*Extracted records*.
Start of Block

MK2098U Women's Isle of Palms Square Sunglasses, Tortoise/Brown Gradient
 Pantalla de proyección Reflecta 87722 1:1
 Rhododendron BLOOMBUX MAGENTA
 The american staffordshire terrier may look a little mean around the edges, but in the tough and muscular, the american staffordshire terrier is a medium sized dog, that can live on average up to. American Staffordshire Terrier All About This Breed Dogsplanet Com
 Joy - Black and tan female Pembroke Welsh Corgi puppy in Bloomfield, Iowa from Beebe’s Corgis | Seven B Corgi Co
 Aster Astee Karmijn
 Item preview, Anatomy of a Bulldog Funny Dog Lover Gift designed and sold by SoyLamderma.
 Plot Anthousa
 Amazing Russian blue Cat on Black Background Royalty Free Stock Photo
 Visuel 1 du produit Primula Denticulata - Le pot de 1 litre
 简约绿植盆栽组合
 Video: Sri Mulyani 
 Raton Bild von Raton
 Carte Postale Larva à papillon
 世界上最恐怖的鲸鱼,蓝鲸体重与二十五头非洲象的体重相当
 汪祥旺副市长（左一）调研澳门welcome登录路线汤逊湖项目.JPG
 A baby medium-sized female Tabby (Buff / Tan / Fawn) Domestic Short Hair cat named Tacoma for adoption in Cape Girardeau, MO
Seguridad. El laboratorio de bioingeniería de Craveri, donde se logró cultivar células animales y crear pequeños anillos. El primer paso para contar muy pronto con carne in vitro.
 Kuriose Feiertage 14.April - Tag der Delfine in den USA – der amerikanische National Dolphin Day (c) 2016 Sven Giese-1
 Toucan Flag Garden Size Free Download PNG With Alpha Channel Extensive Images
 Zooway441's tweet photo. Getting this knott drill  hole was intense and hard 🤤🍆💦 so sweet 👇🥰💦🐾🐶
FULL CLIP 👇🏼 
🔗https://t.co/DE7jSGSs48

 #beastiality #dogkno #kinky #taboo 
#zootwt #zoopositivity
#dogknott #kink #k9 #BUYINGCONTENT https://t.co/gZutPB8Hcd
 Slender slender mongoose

End of Block

*Required action*. Repeat the line that contains "#zootwt #zoopositivity", then every line after it until the records end, with nothing added.

*Solution for this problem*.
#zootwt #zoopositivity
#dogknott #kink #k9 #BUYINGCONTENT https://t.co/gZutPB8Hcd
 Slender slender mongoose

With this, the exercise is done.